Переходъ на «ту» сторону долженъ былъ состояться на слѣдующее утро. Въ послѣднюю ночь я не спалъ. Мнѣ казалось, что сейчасъ придутъ и заберутъ.

………………………….

У «хозяина» имѣлась коляска, пара лошадей и молодой кучеръ. Въ этой коляскѣ я на слѣдующее утро бариномъ переѣхалъ границу. Когда коляска проѣзжала въ перелѣскѣ мимо барака, гдѣ у большевиковъ находился пропускной пунктъ, то на крыльцо вышелъ какой-то большевицкій чинъ и посмотрѣлъ мнѣ вслѣдъ.

Черезъ десять минутъ я шелъ по свободной, хоть и оккупированной нѣмцами землѣ, съ чувствомъ неизъяснимаго благополучія, знакомаго всѣмъ, кто «оттуда» бѣжалъ.

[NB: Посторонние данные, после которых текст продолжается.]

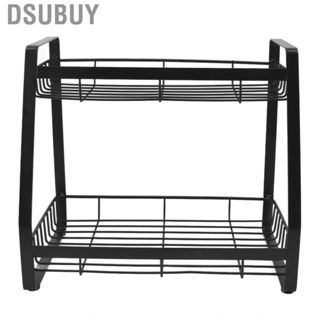 Dsubuy 2 Layers Integrated Seasoning Rack  Large Storage Space Black  All in 1 Design Metal Spice for Bathroom Kitchen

Я выскочилъ, какъ всѣмъ въ такихъ случаяхъ кажется, чудомъ. Позади мертвый домъ сумасшедшихъ. Умственное и телѣсное угасаніе, понудительное и неизбѣжное соучастіе въ закланіи народа.

Точно отвязался при кораблекрушеніи отъ гніющаго трупа.

А море не страшно. Куда-нибудь доплывемъ!

Н. Чебышёвъ.
Возрожденіе, № 2264, 14 августа 1931.